Son corps est en composite biosourcé à base de fibre de lin, son manche en acajou et sa table d’harmonie en épicéa. « Le composite est apparu comme le meilleur matériau pour résister aux variations de température et d’humidité. Et ça sonne bien. » Pour s’assurer des performances acoustiques, Louis Morel et Antonin Girardeau enchaînent les tests avec des guitaristes expérimentés. « Tous ont approuvé. A aucun moment, ils nous ont dit que le son était décevant. C’était un grand soulagement. » « Le son est très agréable, les sensations aussi », confirme Thibault, guitariste confirmé, qui a essayé l’instrument des « dizaines de fois ».

En quelques manipulations, la guitare se démonte en trois parties et s’emboîte dans un sac à dos spécifique au format bagage cabine. « On peut y ranger des vêtements, une serviette, une trousse de toilette, des accessoires, un ordinateur… Le compartiment fait 24 litres. Les affaires sont accessibles facilement par la face avant. La guitare peut aussi être transportée dans un autre sac mais ça sera moins optimisé », explique Antonin Girardeau. Le remontage est presqu’aussi rapide et « n’impose pas de tout réaccorder ».

« Devenir l’acteur numéro un dans le monde »

Avec cette innovation, la start-up Mogi espère séduire les « jeunes qui se déplacent beaucoup en soirées ou le week-end », ainsi que les « guitaristes confirmés qui voyagent régulièrement ». Une campagne de prévente sera lancée en juin avec une version « plus aboutie » et « plus légère » de la guitare. Son coloris sera noir et son ouïe décalée pour « renforcer son originalité » et diffuser un son plus proche du musicien. La fabrication s’effectuera en France et en Belgique. Le tarif, en cours d’évaluation, avoisinera 1.000 euros. « On espère pouvoir descendre plus bas et se rapprocher des 600 euros. C’est hyper important pour démocratiser le produit. Les autres guitares de voyage, elles, coûtent entre 1.500 et 2.000 euros. »

Les premières livraisons sont espérées pour fin 2023-début 2024. La commercialisation à grande échelle pourra ensuite débuter. « Il y a beaucoup de curiosité et de marques d’intérêt pour ce projet. On a déjà une liste d’une trentaine de personnes qui attendent l’instrument. C’est très encourageant. »

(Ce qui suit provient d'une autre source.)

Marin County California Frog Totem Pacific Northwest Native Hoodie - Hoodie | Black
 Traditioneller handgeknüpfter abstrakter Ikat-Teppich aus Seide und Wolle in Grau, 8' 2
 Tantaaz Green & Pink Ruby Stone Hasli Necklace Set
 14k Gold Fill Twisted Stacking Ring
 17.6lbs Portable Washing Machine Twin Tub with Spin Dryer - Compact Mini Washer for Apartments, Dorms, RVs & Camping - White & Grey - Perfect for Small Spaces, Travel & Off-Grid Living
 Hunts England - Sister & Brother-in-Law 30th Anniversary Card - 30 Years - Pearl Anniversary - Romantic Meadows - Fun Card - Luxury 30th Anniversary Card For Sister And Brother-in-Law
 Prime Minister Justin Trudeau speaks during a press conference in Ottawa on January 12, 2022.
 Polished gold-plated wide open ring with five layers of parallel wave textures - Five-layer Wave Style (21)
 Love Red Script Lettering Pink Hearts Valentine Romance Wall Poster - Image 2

Quelque 400.000 guitares neuves se vendent chaque année rien qu’en France. « D’après nos enquêtes, un tiers des guitaristes déplorent des difficultés de transport. Hors le marché de la guitare démontable ne représente aujourd’hui que 0,7 % des ventes. Il y a un vrai potentiel. On veut devenir l’acteur numéro un de la guitare de voyage dans le monde. » A plus long terme, Louis Morel et Anthonin Girardeau réfléchissent à dupliquer le concept pour des guitares électro-acoustiques, des ukulélés, voire des violoncelles ou des contrebasses.